Saw The Bourne Ultimatum, and it was fun and exciting and a little ridiculous and super awesome all at once. A few thoughts:
Can we rethink this whole Julia Stiles thing? She's like somebody's wooden step-sister. I was openly rooting for Desh. There's a scene very much like one in the first movie where she dyes and cuts her hair while Matt Damon watches her. Instead of sexual tension, however, there is the undeniable sense that Jason Bourne is thinking Yeah, right. My last girlfriend was Franke Potente. I can do better.
Speaking of Desh, at one point in the film he and Matt Damon engage in a race to see who can be more awkward on a scooter. Who won? The audience, that's who.

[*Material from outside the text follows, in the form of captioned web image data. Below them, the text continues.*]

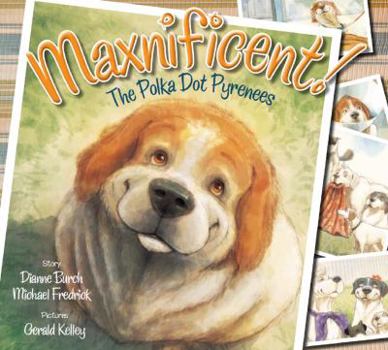 Hardcover Maxnificent! The Polka Dot Pyrenees Book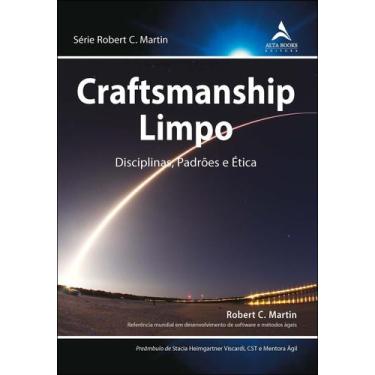 Imagem de Craftsmanship Limpo - Disciplinas, Padrões E Ética - Alta Books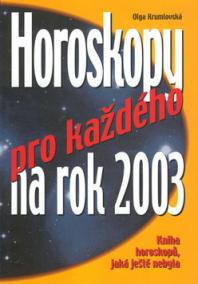 Horoskopy pro každého na 2003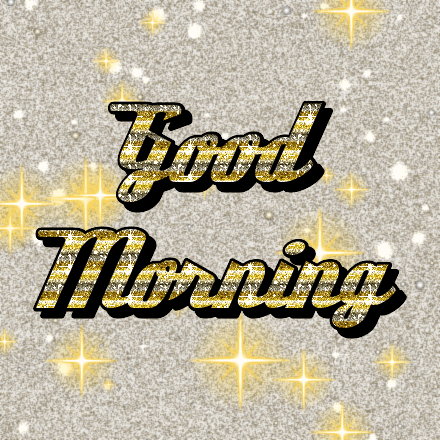 Good Morning glitter card 4, sparkly animated GIF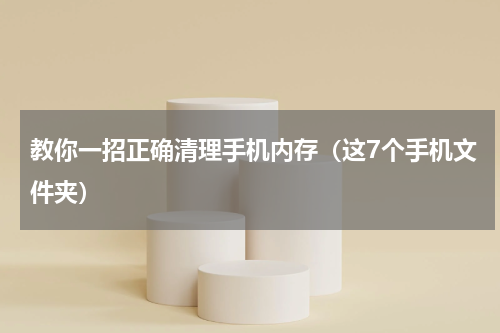 教你一招正确清理手机内存（这7个手机文件夹）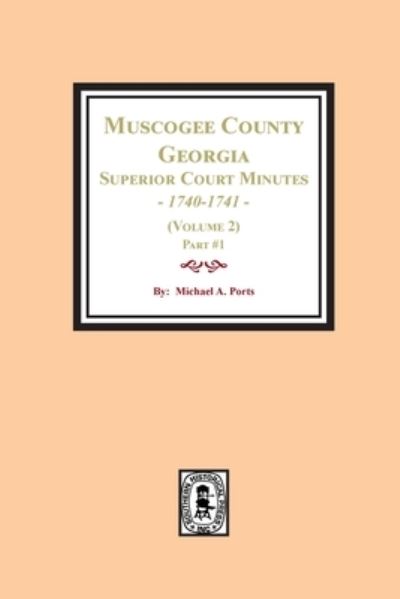 Cover for Michael a Ports · Muscogee County, Georgia Superior Court Minutes, 1840-1841. (Volume 2) part #1 (Taschenbuch) (2021)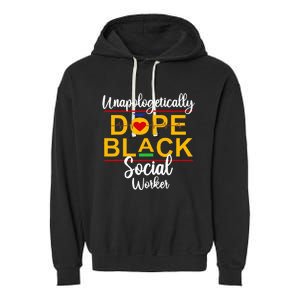 Unapologetic Dope Black Social Worker African American Garment-Dyed Fleece Hoodie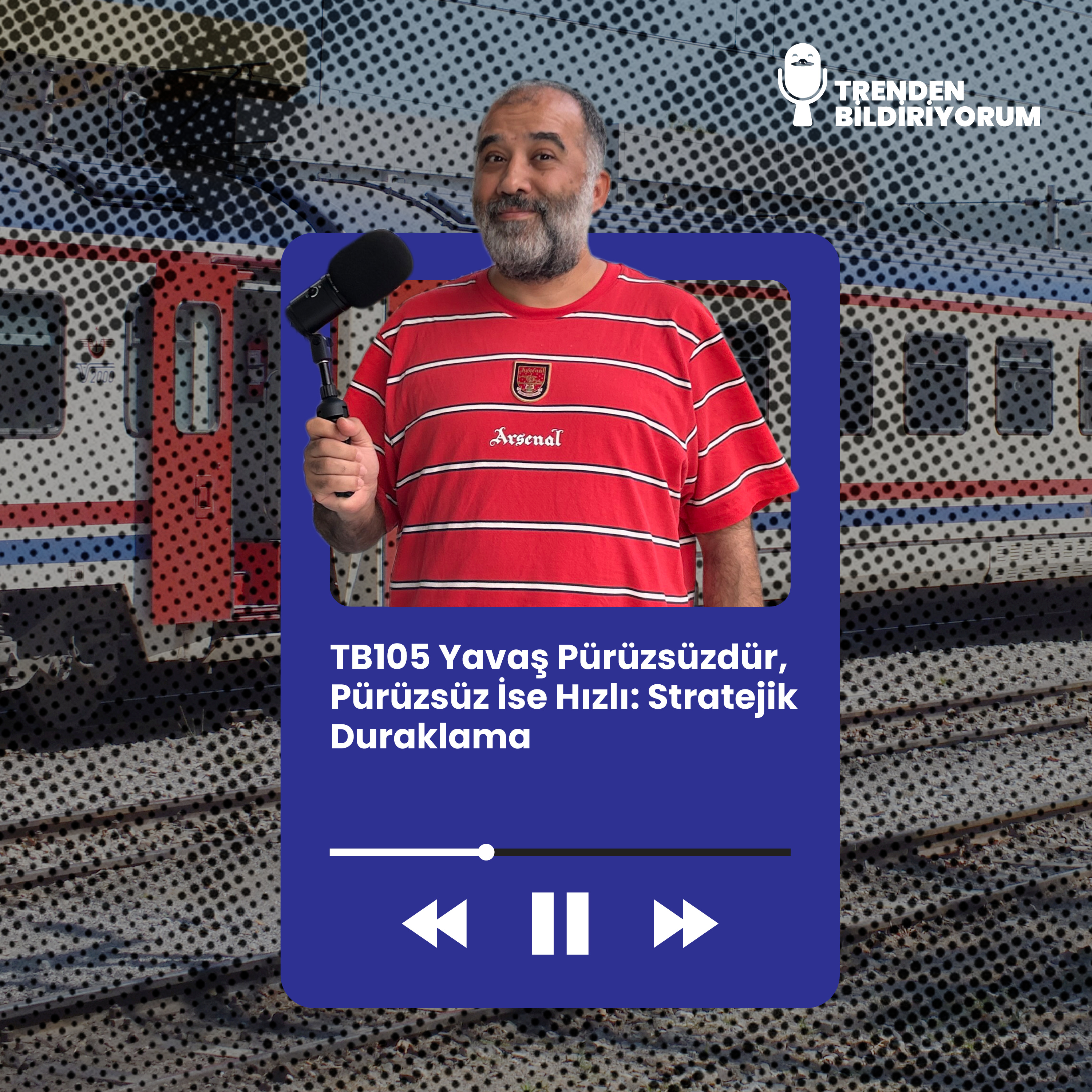 TB105 Trenden Bildiriyorum - Yavaş Pürüzsüzdür, Pürüzsüz İse Hızlı: Stratejik Duraklama episode artwork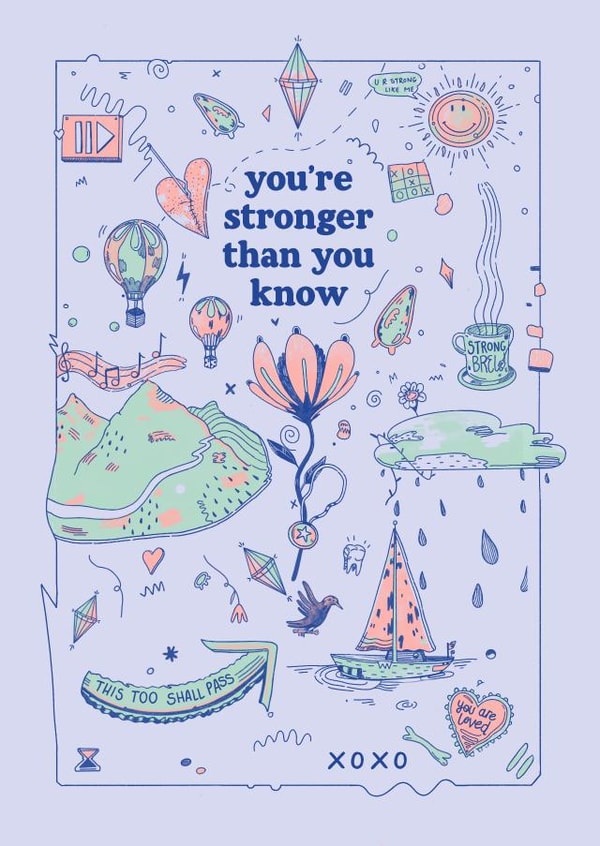 You’re Stronger than you Know created by Alice's Illustrations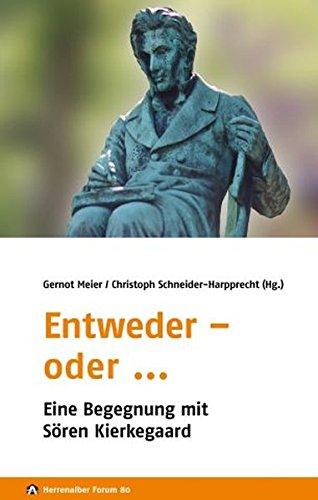 Entweder - oder ...: Eine Begegnung mit Sören Kierkegaard (Herrenalber Forum)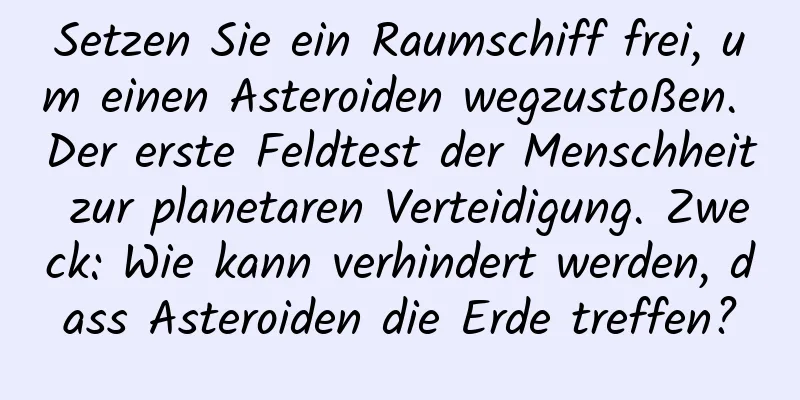 Setzen Sie ein Raumschiff frei, um einen Asteroiden wegzustoßen. Der erste Feldtest der Menschheit zur planetaren Verteidigung. Zweck: Wie kann verhindert werden, dass Asteroiden die Erde treffen?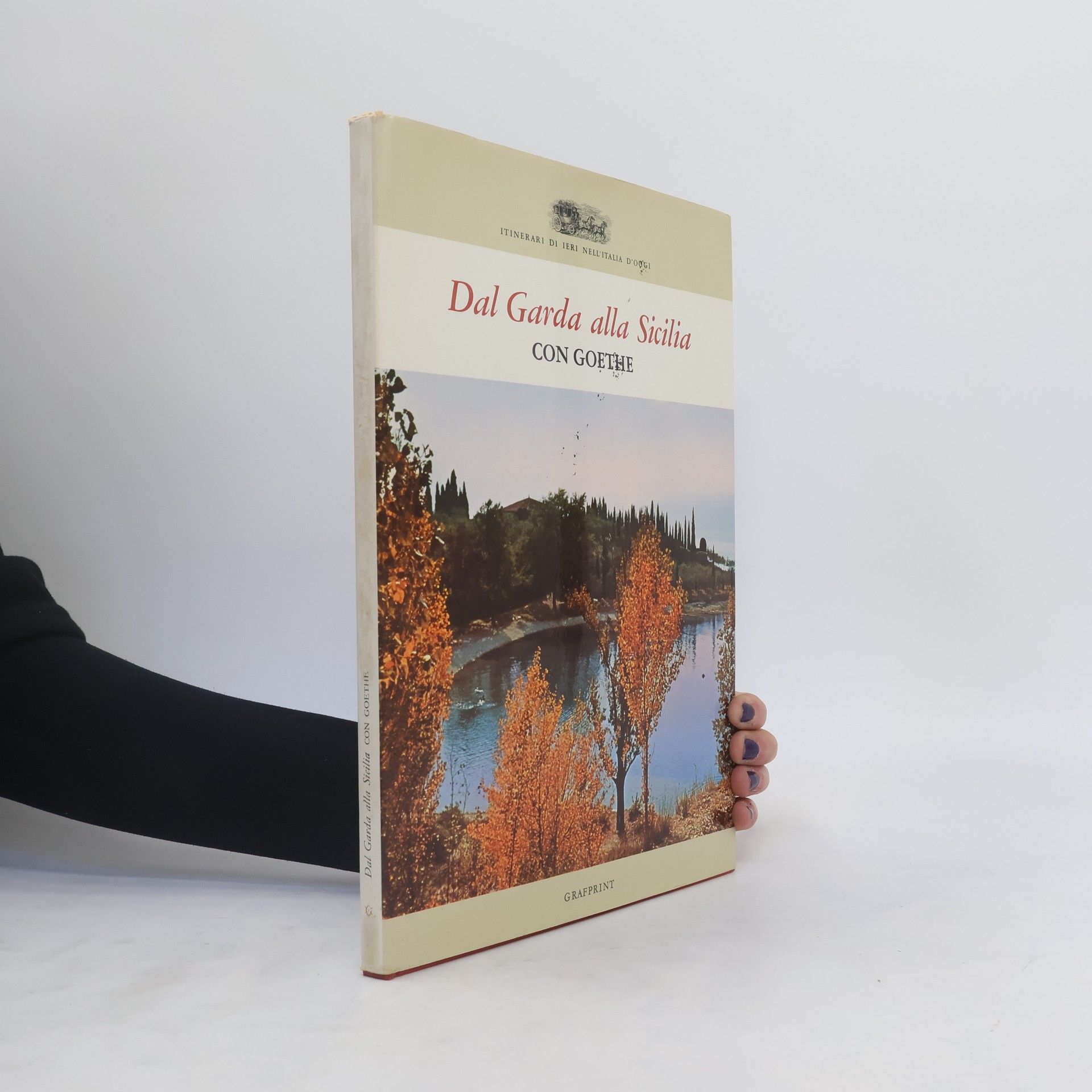 Kolektiv autorů Dal Garda alla Sicilia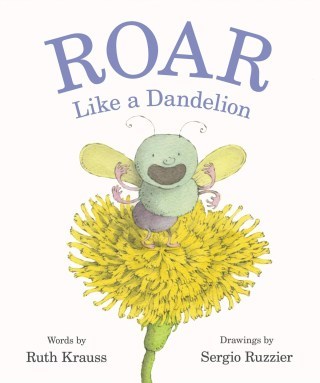 Roar Like a Dandelion: Beloved Children’s Book Author and Poet Ruth Krauss’s Lost Alphabet of Joy, Illustrated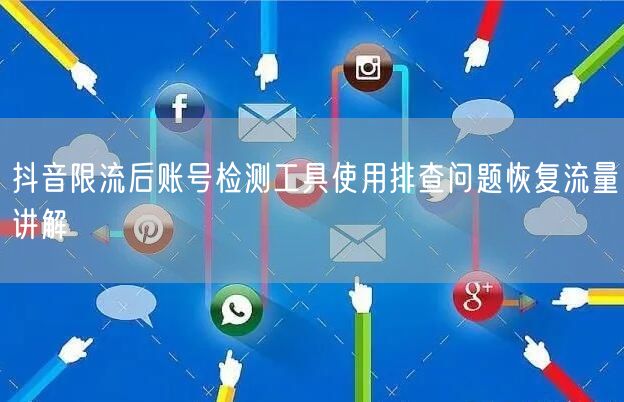 抖音限流后账号检测工具使用排查问题恢复流量讲解
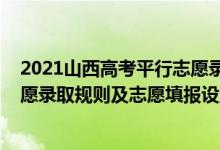 2021山西高考平行志愿錄取規(guī)則（2022年山西高考平行志愿錄取規(guī)則及志愿填報設(shè)置解讀）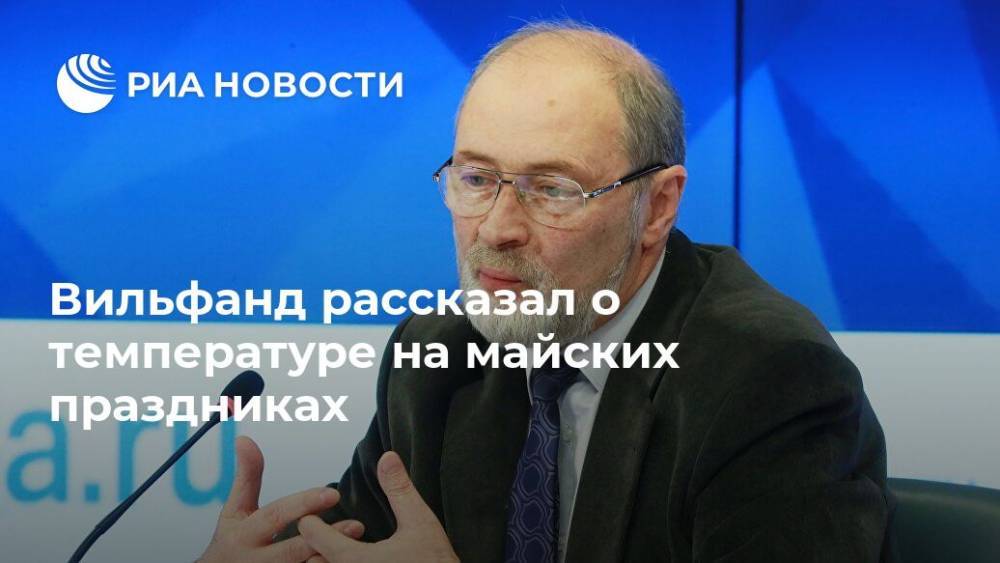 Роман Вильфанд - Вильфанд рассказал о температуре на майских праздниках - ria.ru - Москва - Россия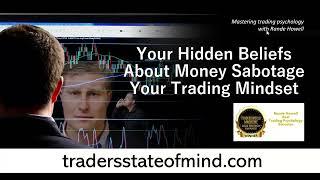 Your Hidden Beliefs About Money Sabotage Your Trading Mindset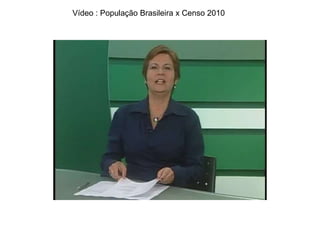 Vídeo : População Brasileira x Censo 2010 
 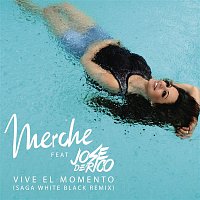 Merche, Jose De Rico – Vive el Momento (Saga WhiteBlack Remix)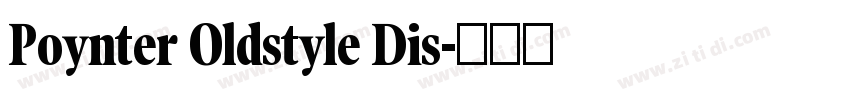 Poynter Oldstyle Dis字体转换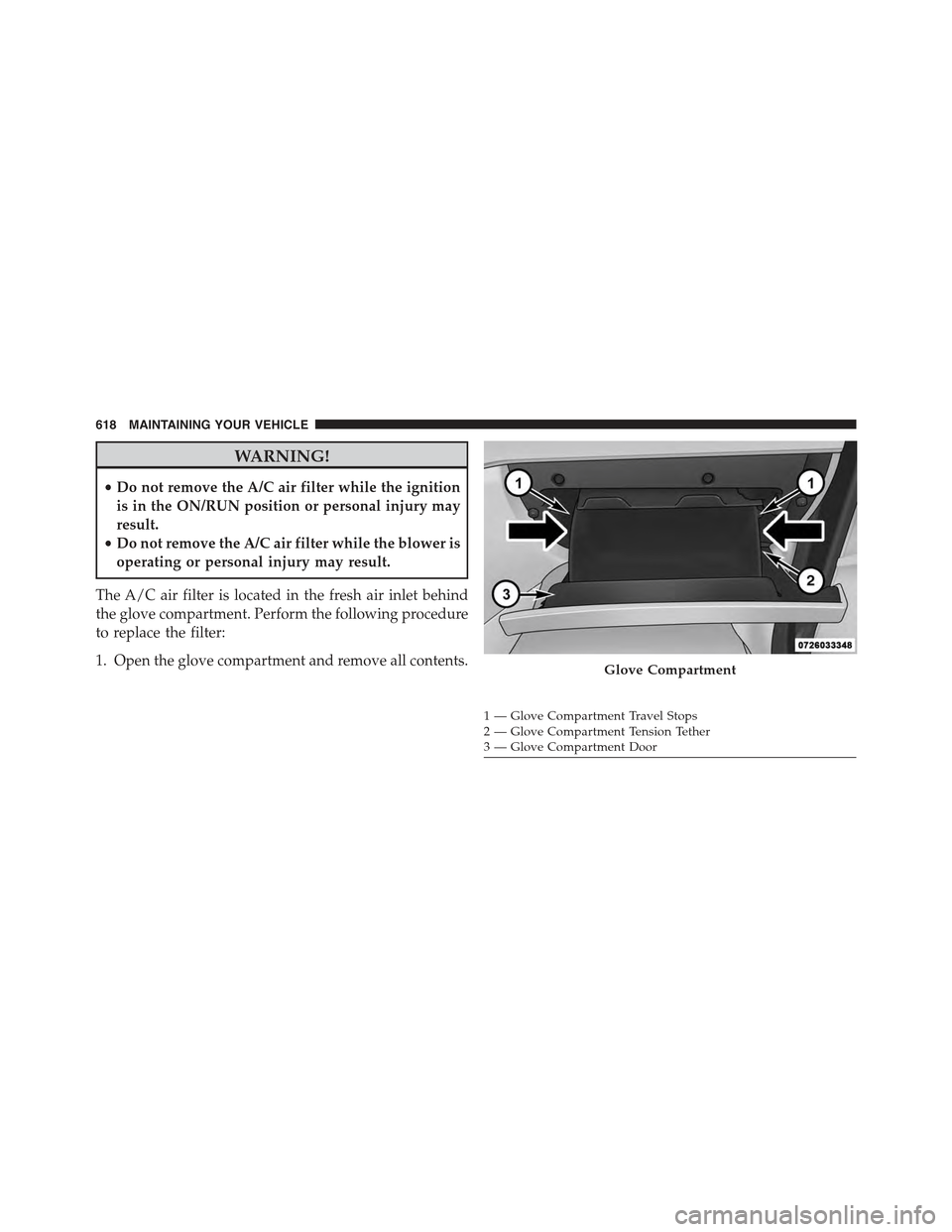 JEEP GRAND CHEROKEE 2015 WK2 / 4.G Owners Manual WARNING!
•Do not remove the A/C air filter while the ignition
is in the ON/RUN position or personal injury may
result.
•Do not remove the A/C air filter while the blower is
operating or personal i JEEP GRAND CHEROKEE 2015 WK2 / 4.G Owners Manual WARNING!
•Do not remove the A/C air filter while the ignition
is in the ON/RUN position or personal injury may
result.
•Do not remove the A/C air filter while the blower is
operating or personal i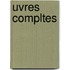 Uvres Compltes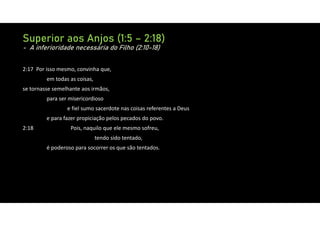 Superior aos Anjos (1:5 – 2:18)
- A inferioridade necessária do Filho (2:10-18)
2:17 Por isso mesmo, convinha que,
em todas as coisas,
se tornasse semelhante aos irmãos,
para ser misericordioso
e fiel sumo sacerdote nas coisas referentes a Deus
e para fazer propiciação pelos pecados do povo.
2:18 Pois, naquilo que ele mesmo sofreu,
tendo sido tentado,
é poderoso para socorrer os que são tentados.
 
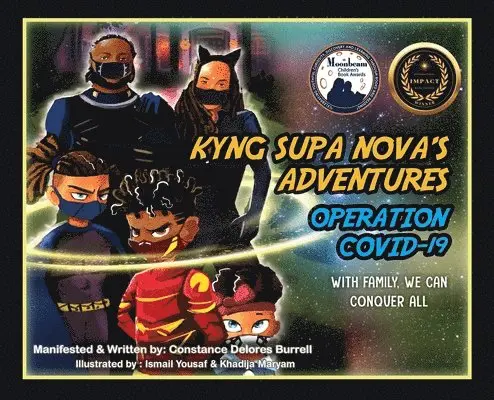 Constance D Burrell - Kyng Supa Nova's Adventures, Inbunden. Tillgänglighet: Lägg i varukorg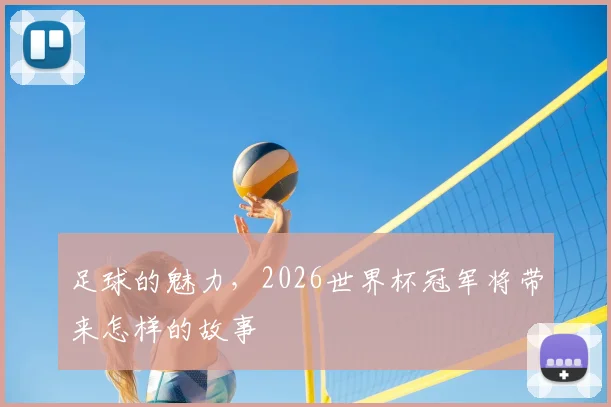 足球的魅力,2026世界杯冠军将带来怎样的故事
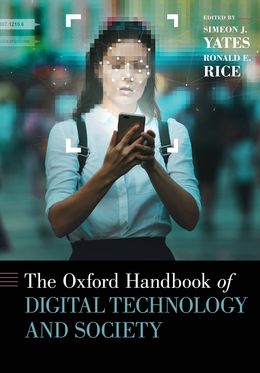 Oxford Handbook of Digital Technology and Society, The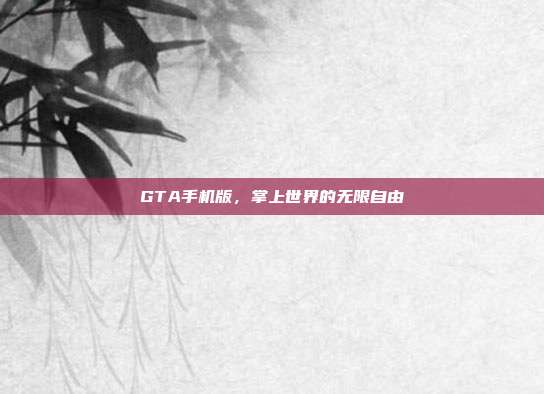 GTA手机版，掌上世界的无限自由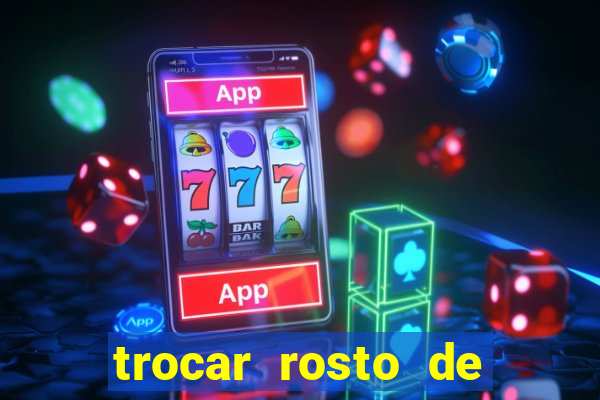 trocar rosto de video online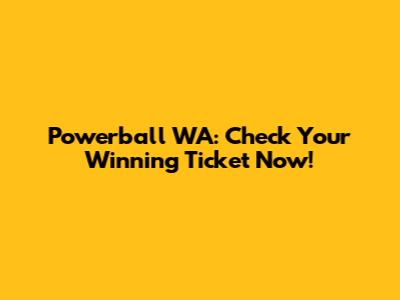 Powerball WA: Check Your Winning Ticket Now!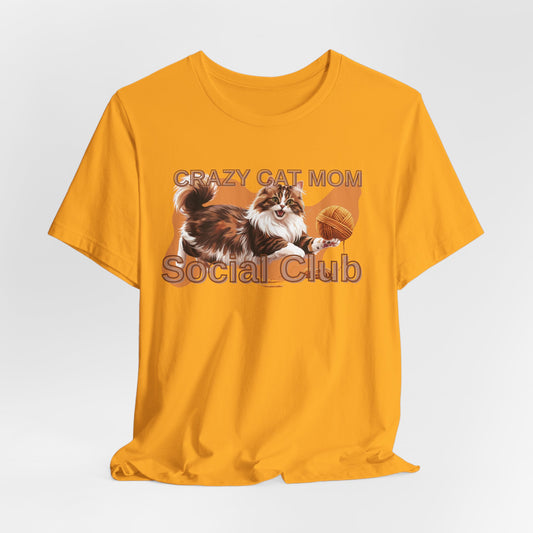 Crazy Cat Mom Social Club Women T-Shirt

My favorite thing about the Bourne movies--outside of the aforementioned awesomeness--is what they say about our government's intelligence community in its fictional world. Apparently they are capable of training one agent to be an unthinkable badass but decided the rest of their team of assassins only had to be kind-of tough. Even Desh fights like he dropped out three weeks into a month long fighting course, never getting to the lesson about battering your opponent with the textbook. I wonder if after training Bourne Albert Finney, Chris Cooper, Scott Glen, David Strathairn, and Tom Skerritt (who isn't in the movies but would surely be at that meeting) all got together and decided that Since we have Bourne, we really only need a bunch of chumps with messenger bags and designer jackets. We'll be good as long as the chumps never have to face Bourne.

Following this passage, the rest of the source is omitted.